Eine eigene kleine Erdbeer-Ernte und das Sommercamp des Basilikums: Der Balkon ist für viele Mieterinnen und Mieter nicht nur Erholungsort sondern trägt auch mit Mini-Erträgen für die Küche bei. Doch was, wenn der Kühlschrank nicht nur gefüllt, sondern auch mit Strom gefüttert wird? Eine eigene Photovoltaik-Anlage kann immerhin die Stromrechnung senken und die CO2-Bilanz verbessern.

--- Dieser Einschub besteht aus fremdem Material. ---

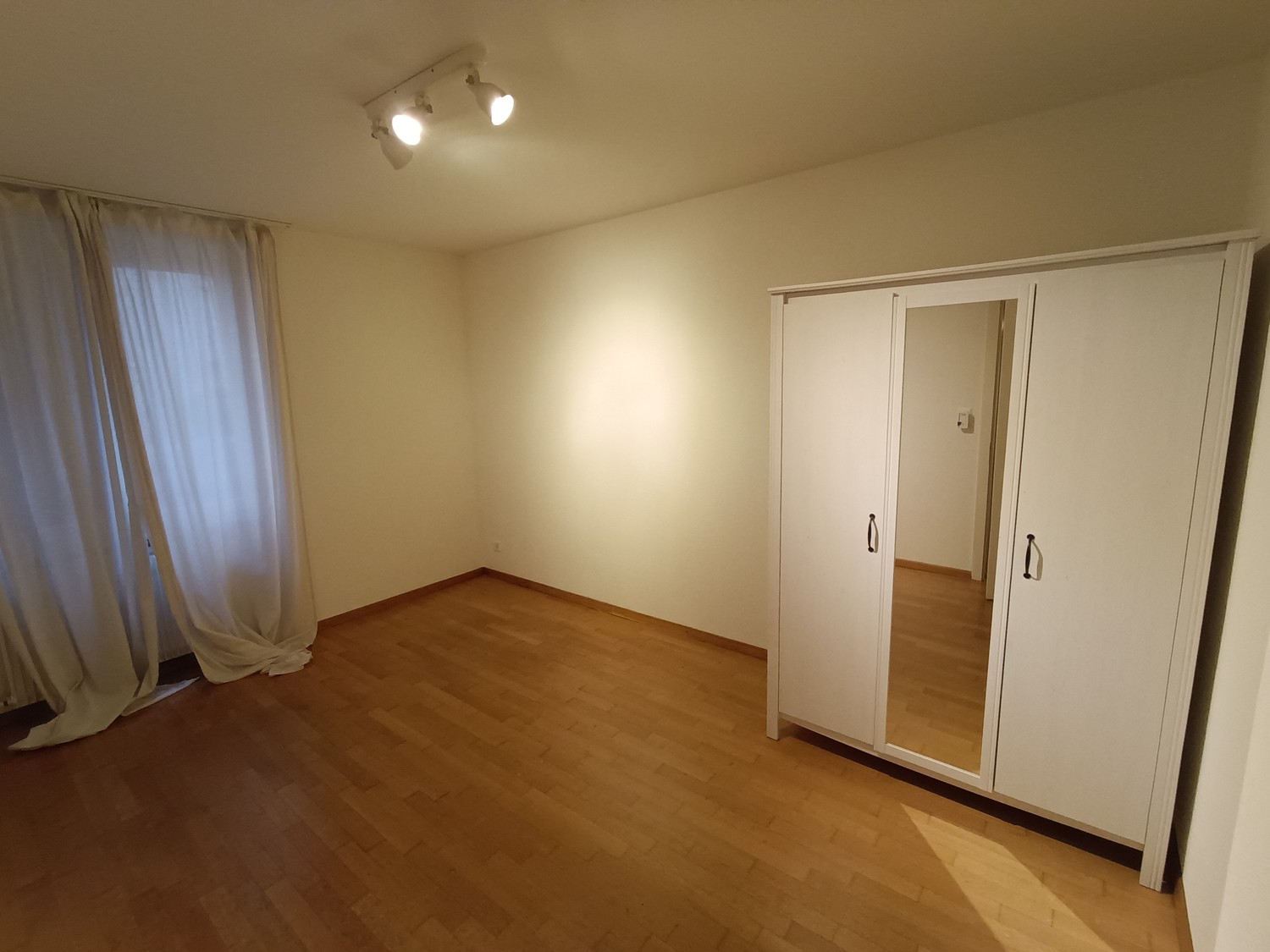 Chambre en colocation, photo 1 sur 8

Autark wird man mit dem Balkon-Panel allerdings ebenso wenig wie mit den Erdbeerpflänzchen. Wie viel Strom erzeugt wird, hängt von individuellen Faktoren ab, wie Leistung und Ausrichtung. So bekommt man in unbeschatteter Südrichtung natürlich mehr heraus als am Nordbalkon. Und Panels mit einer Leistung von 600 Wp erzeugen mehr aus solche mit 300 Wp. Wp steht für Watt-Peak und dient dazu, unterschiedliche Solarzellen und Solarmodule unter genormten Testbedingungen vergleichen zu können.

Doch auch mit einer Mini-Stromernte trägt man mit der Anlage dazu bei, CO2 einzusparen. Denn noch produzieren viele Stromanbieter, wie auch die Stadtwerke Flensburg, Strom aus fossilen Rohstoffen wie Kohle und Gas.

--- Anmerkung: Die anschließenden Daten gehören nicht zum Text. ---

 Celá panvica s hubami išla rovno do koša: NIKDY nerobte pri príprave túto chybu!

Ab wann sich eine Anlage aber auch finanziell lohnt, hängt vom aktuellen und künftigen Strompreis und natürlich von den Anschaffungskosten des Panels ab. Das Problem bei Mietwohnungen: Die Anschaffungskosten – zwischen 800 und 1200 Euro sollte man einrechnen – hat man je nach Ertrag erst nach acht Jahren oder gar zwölf Jahren wieder drin. Wer also kein langfristiges Wohnen plant und nicht weiß, wie die Bedingungen nach einem Umzug aussehen, geht ein finanzielles Risiko ein.

Die Hochschule für Technik und Wirtschaft (HTW) Berlin hat daher einen „Stecker-Solar-Rechner“ ins Netz gestellt, mit dem man sich ausrechnen kann, ab wann sich die Kosten amortisiert haben, wieviel Strom man in etwa erzeugen und wieviel CO2 einsparen kann.

Überraschende Herausforderungen

Eine weitere Hürde ist die Anmeldung der Solaranlage. „Der Betrieb der Mini-Anlagen in Deutschland ist mit überraschenden aber überwindbaren Herausforderungen verbunden“, sagt Uwe Bottermann, Rechtsanwalt und Partner bei der Berliner Kanzlei Bottermann-Khorrami. Schwierig wird es, wenn man den Strom auch ins Netz einspeisen möchte. Hierfür hat die SH-Netz-Agentur ein sehr ausführliches Fragen und Antworten-Stück verfasst.

Doch auch, wenn der Strom ausschließlich selbst genutzt werden soll, gilt: Selbst kleinste Anlagen mit einer Leistung bis 600 Wp, die nicht in das Netz einspeisen, sind sicherheitshalber beim Netzbetreiber anzuzeigen. „Ein vereinfachtes Anmeldeverfahren ist für steckerfertige Erzeugungsanlagen geplant“, so die SH-Netz auf ihrer Internetseite.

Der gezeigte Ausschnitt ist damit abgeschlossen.